Supplied records
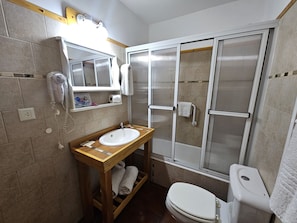 A bathroom with a wooden vanity, a white sink, a toilet, and a glass-enclosed shower. - Lake and City steps from the Centro Civicoc (San Carlos de Bariloche)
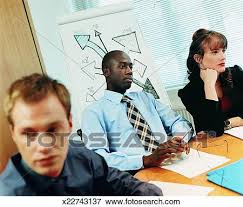 Businessman Sitting In Front Of A Flip Chart At A Boardroom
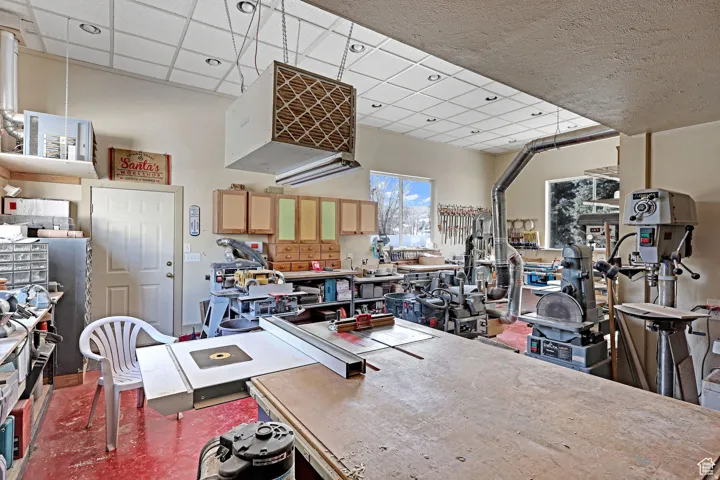Interior space featuring a heating unit, a workshop area, and a paneled ceiling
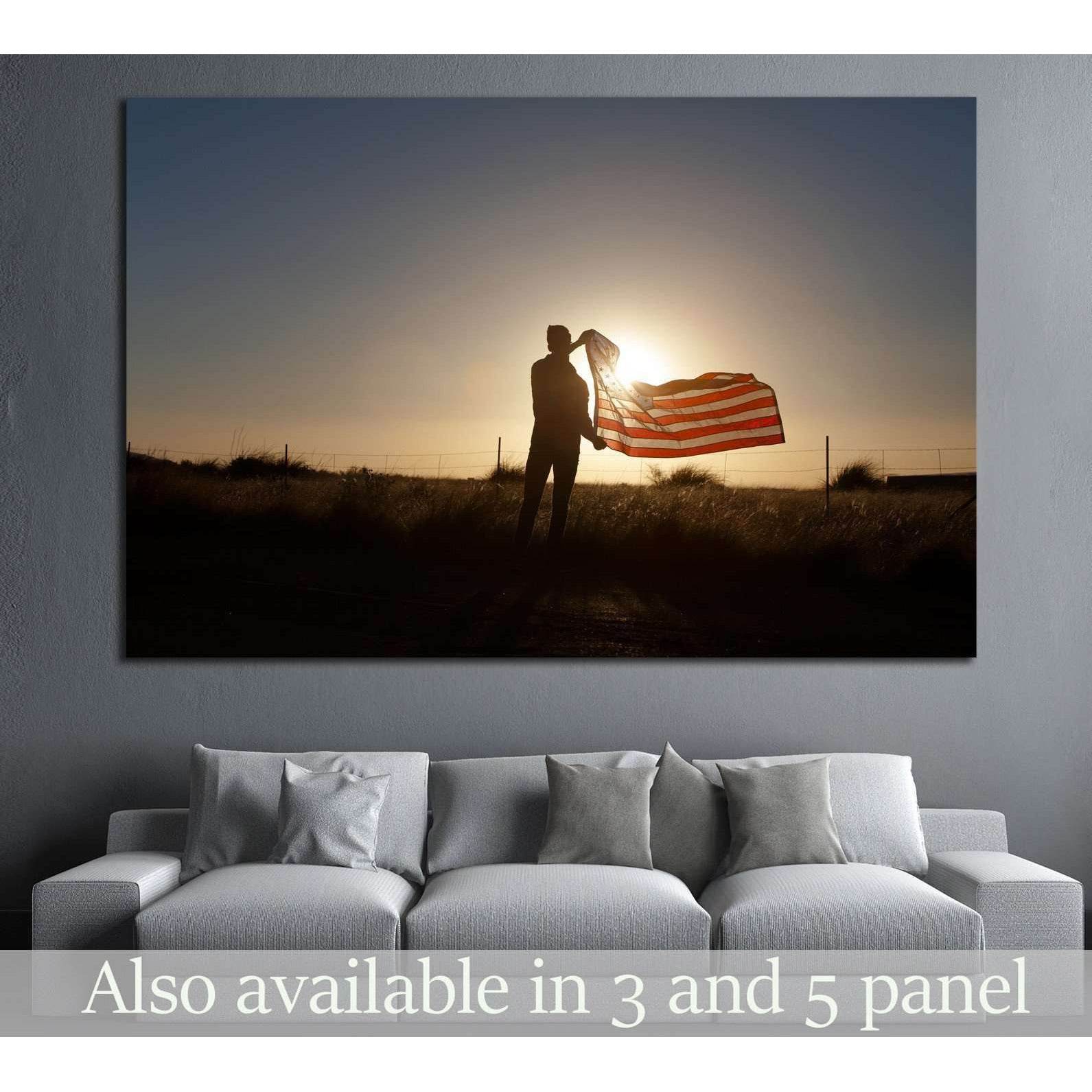 Silhouette holding American flag at sunset canvas print above sofa in a modern living room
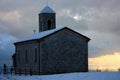 Isolated mountain church built in stone with a steeple all covered by the cold white winter snow Royalty Free Stock Photo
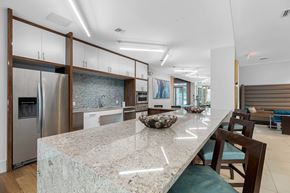 Ft Lauderdale apartment for rent - a kitchen with a large island with granite counter tops and a stainless steel refrigerator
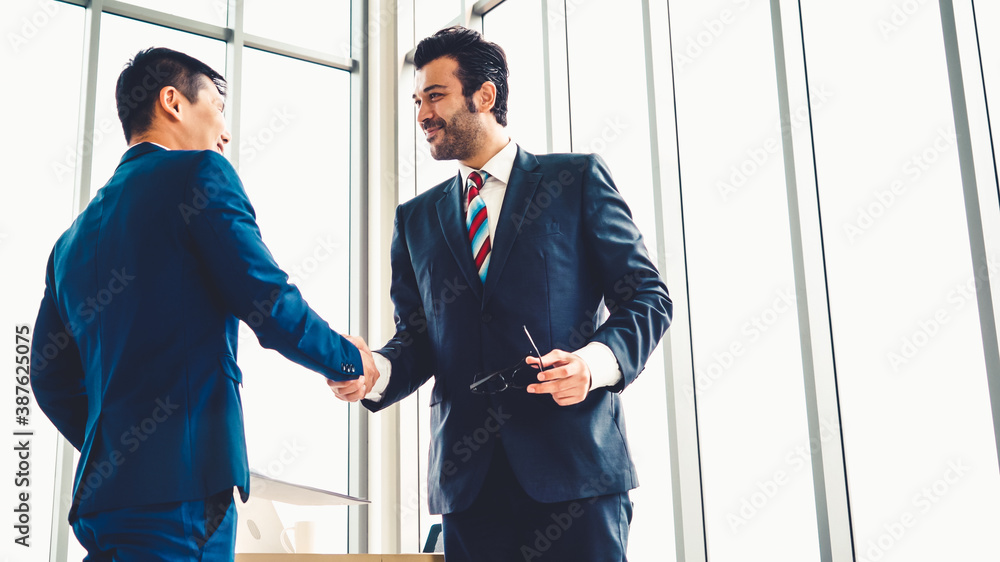 Business people handshake in corporate office showing professional agreement on a financial deal con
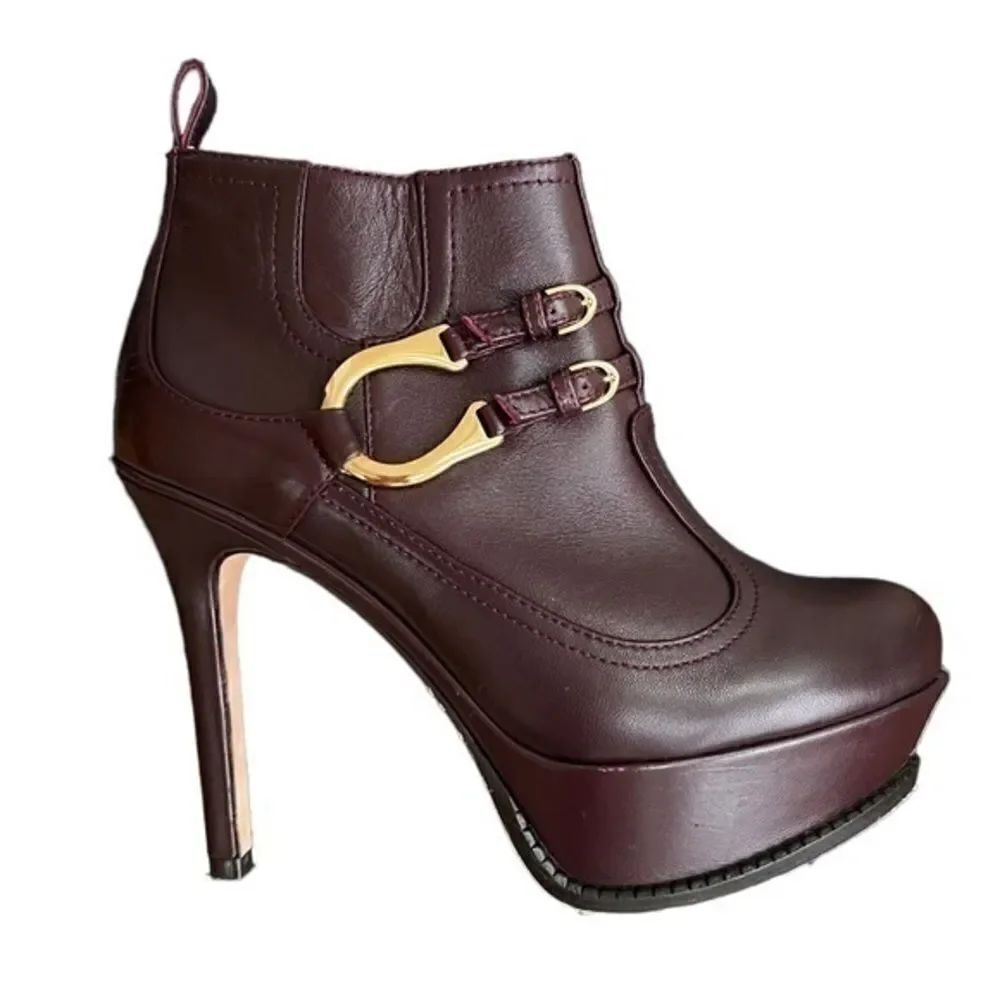 Dione plum Leather high heels platform booties 4.5” Heel 1.5” Platform size 7.5.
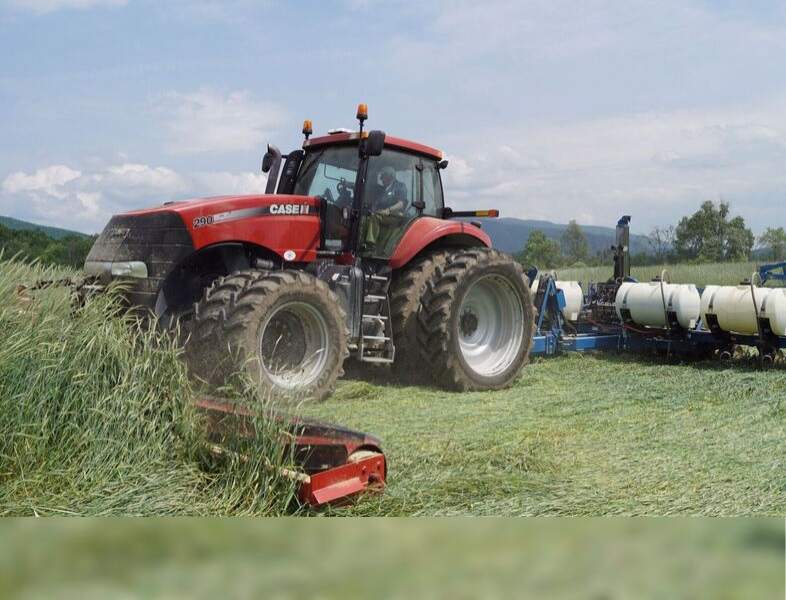 tractor harvesting hay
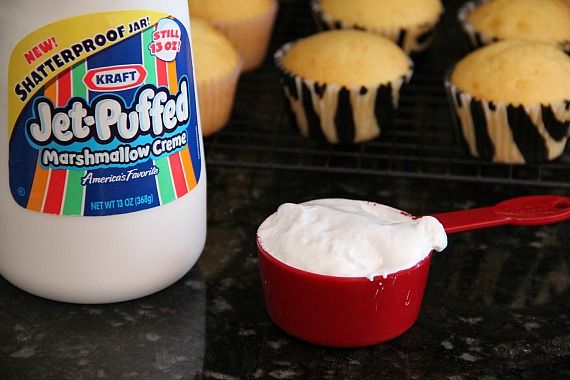 A jar of Jet Puffed marshmallow creme with some in a measuring cup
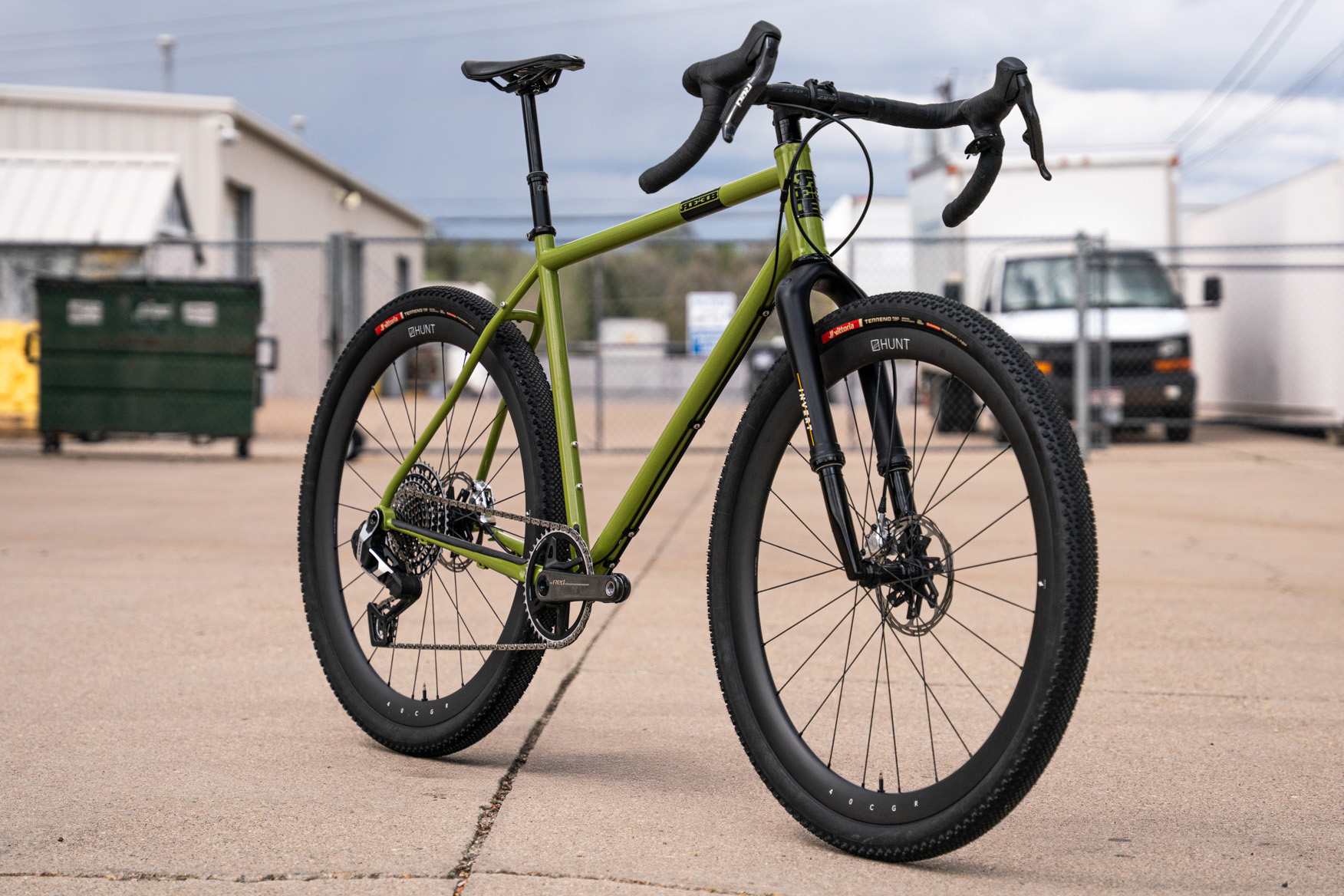 reeb the sams pants gravel bike in parking lot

Task to carry out
Retype the entries exactly, skipping every picture.

Written response
 A bathroom with a wooden vanity, a white sink, a toilet, and a glass-enclosed shower. - Lake and City steps from the Centro Civicoc (San Carlos de Bariloche)
 Businessman Sitting In Front Of A Flip Chart At A Boardroom
Interior space featuring a heating unit, a workshop area, and a paneled ceiling
 Silhouette holding American flag at sunset canvas print above sofa in a modern living room
 Isolated mountain church built in stone with a steeple all covered by the cold white winter snow Royalty Free Stock Photo
 Ft Lauderdale apartment for rent - a kitchen with a large island with granite counter tops and a stainless steel refrigerator
 Business people handshake in corporate office showing professional agreement on a financial deal con
 Dione plum Leather high heels platform booties 4.5” Heel 1.5” Platform size 7.5.
 tractor harvesting hay
 A jar of Jet Puffed marshmallow creme with some in a measuring cup
 reeb the sams pants gravel bike in parking lot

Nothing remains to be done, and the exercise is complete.